Exercise requirements:
In the entries that follow, the lines from the one with "Frame Clipart #209777 by Arena Creative" through the one with "Besalú (Gerona), 1" are the ones to write out, exactly and with both ends included. Nothing else should appear.

*** Begin section ***

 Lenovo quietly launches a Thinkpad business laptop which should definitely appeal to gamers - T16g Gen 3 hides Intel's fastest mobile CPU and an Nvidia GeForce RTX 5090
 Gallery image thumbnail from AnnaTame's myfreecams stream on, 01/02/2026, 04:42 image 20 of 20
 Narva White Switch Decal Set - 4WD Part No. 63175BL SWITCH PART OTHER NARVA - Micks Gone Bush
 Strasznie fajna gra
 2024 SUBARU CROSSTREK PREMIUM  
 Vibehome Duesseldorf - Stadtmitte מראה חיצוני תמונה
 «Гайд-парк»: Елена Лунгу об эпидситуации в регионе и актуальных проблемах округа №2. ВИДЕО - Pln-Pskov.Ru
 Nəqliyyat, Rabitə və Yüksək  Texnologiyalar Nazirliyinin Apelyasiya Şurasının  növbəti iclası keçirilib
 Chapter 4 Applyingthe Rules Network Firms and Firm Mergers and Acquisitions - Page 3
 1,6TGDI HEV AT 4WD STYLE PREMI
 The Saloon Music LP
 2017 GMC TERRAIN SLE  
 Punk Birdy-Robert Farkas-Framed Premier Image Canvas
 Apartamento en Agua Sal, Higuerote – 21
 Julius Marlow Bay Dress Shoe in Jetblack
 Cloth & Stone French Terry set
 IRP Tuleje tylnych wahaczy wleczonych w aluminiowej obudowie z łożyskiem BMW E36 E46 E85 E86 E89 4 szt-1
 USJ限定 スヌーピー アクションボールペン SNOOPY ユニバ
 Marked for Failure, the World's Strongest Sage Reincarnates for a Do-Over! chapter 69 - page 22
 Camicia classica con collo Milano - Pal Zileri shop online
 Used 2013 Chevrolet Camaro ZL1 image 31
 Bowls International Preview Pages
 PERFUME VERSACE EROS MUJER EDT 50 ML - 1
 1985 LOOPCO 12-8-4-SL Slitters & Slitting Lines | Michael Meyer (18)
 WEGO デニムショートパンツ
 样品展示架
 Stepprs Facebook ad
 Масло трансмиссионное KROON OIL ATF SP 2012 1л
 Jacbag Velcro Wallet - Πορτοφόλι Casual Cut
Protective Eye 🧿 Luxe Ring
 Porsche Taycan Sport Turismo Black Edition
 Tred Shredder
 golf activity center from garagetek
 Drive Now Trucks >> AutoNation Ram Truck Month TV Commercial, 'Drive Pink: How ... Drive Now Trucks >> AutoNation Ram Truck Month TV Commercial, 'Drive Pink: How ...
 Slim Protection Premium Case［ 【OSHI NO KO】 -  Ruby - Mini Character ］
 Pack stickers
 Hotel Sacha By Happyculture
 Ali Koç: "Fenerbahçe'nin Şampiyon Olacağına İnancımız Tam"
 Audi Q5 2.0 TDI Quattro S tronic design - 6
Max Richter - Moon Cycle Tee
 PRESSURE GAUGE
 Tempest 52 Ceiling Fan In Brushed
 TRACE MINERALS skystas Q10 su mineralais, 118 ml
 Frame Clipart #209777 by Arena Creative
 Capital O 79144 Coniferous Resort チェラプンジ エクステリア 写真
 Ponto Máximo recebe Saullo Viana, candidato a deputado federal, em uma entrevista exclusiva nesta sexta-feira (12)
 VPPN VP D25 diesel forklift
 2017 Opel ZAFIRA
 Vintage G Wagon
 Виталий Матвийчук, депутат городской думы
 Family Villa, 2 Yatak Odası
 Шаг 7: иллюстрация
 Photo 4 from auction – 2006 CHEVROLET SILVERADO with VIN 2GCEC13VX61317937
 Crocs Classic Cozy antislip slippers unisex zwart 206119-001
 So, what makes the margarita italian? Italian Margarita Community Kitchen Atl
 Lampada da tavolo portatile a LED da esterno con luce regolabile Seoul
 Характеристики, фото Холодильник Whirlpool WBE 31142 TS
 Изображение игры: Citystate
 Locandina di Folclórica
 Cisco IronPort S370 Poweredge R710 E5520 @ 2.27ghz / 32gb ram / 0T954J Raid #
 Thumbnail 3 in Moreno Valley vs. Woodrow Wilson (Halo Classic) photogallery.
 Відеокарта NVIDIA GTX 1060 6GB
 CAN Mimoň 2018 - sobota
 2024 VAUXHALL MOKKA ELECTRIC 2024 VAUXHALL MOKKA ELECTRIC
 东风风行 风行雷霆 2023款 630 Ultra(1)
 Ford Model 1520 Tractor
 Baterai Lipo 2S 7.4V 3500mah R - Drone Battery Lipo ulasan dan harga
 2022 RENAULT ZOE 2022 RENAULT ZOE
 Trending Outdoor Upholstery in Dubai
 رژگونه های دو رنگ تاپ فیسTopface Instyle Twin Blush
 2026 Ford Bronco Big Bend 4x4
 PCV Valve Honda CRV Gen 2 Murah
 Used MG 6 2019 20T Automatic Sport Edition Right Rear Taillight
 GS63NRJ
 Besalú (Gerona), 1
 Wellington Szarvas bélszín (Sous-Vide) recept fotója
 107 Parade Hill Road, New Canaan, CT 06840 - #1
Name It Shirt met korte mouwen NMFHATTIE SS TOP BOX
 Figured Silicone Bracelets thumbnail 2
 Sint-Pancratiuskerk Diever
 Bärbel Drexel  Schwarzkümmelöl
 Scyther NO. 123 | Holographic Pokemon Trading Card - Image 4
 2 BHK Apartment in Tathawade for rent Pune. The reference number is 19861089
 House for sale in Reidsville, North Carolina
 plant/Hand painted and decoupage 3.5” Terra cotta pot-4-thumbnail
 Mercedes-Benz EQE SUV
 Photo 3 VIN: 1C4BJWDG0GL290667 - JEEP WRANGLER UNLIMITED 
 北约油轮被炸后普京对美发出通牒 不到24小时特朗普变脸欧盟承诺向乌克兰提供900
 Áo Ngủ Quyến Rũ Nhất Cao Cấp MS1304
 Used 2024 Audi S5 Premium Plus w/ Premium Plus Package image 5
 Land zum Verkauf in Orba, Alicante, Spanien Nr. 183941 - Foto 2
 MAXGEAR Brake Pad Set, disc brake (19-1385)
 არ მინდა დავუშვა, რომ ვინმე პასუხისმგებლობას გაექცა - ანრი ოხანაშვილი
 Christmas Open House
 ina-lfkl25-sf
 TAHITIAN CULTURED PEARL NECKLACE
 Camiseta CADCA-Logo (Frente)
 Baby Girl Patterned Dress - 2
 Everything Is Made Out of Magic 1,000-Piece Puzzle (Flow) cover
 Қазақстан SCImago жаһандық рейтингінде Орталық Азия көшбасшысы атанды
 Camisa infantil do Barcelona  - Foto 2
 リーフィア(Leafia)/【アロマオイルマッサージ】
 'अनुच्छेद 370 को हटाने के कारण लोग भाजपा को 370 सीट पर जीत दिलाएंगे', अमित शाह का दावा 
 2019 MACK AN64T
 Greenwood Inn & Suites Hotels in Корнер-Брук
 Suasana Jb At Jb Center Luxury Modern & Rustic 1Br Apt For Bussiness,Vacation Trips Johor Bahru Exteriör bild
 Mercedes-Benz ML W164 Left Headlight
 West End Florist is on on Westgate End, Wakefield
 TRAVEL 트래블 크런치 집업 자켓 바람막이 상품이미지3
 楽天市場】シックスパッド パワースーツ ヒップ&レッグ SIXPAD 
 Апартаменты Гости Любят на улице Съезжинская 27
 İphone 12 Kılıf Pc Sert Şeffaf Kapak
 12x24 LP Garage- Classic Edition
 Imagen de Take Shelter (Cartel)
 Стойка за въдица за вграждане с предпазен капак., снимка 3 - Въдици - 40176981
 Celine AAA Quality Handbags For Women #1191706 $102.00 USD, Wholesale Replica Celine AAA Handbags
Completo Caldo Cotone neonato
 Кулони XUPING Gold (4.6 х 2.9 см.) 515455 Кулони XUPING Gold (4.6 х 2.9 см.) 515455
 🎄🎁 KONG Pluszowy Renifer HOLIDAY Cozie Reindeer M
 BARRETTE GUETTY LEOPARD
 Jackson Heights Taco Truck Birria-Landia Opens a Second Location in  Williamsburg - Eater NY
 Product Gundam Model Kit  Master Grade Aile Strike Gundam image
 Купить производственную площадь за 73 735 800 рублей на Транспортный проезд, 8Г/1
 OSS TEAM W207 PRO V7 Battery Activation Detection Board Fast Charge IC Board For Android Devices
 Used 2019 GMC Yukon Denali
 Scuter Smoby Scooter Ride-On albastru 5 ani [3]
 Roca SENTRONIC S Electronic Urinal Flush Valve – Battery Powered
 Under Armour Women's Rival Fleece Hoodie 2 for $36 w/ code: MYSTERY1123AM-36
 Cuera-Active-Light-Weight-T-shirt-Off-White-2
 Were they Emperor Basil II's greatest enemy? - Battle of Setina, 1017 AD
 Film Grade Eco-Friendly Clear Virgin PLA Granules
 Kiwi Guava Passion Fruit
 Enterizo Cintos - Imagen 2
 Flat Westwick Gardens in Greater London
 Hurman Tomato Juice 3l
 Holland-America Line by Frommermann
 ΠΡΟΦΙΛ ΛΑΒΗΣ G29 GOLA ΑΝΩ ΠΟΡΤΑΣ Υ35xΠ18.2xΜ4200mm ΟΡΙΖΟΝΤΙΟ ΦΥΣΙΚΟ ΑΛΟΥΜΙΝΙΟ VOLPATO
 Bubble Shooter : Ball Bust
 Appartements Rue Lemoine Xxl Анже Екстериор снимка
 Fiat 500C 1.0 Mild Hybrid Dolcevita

*** End section ***

Written answer:
 Frame Clipart #209777 by Arena Creative
 Capital O 79144 Coniferous Resort チェラプンジ エクステリア 写真
 Ponto Máximo recebe Saullo Viana, candidato a deputado federal, em uma entrevista exclusiva nesta sexta-feira (12)
 VPPN VP D25 diesel forklift
 2017 Opel ZAFIRA
 Vintage G Wagon
 Виталий Матвийчук, депутат городской думы
 Family Villa, 2 Yatak Odası
 Шаг 7: иллюстрация
 Photo 4 from auction – 2006 CHEVROLET SILVERADO with VIN 2GCEC13VX61317937
 Crocs Classic Cozy antislip slippers unisex zwart 206119-001
 So, what makes the margarita italian? Italian Margarita Community Kitchen Atl
 Lampada da tavolo portatile a LED da esterno con luce regolabile Seoul
 Характеристики, фото Холодильник Whirlpool WBE 31142 TS
 Изображение игры: Citystate
 Locandina di Folclórica
 Cisco IronPort S370 Poweredge R710 E5520 @ 2.27ghz / 32gb ram / 0T954J Raid #
 Thumbnail 3 in Moreno Valley vs. Woodrow Wilson (Halo Classic) photogallery.
 Відеокарта NVIDIA GTX 1060 6GB
 CAN Mimoň 2018 - sobota
 2024 VAUXHALL MOKKA ELECTRIC 2024 VAUXHALL MOKKA ELECTRIC
 东风风行 风行雷霆 2023款 630 Ultra(1)
 Ford Model 1520 Tractor
 Baterai Lipo 2S 7.4V 3500mah R - Drone Battery Lipo ulasan dan harga
 2022 RENAULT ZOE 2022 RENAULT ZOE
 Trending Outdoor Upholstery in Dubai
 رژگونه های دو رنگ تاپ فیسTopface Instyle Twin Blush
 2026 Ford Bronco Big Bend 4x4
 PCV Valve Honda CRV Gen 2 Murah
 Used MG 6 2019 20T Automatic Sport Edition Right Rear Taillight
 GS63NRJ
 Besalú (Gerona), 1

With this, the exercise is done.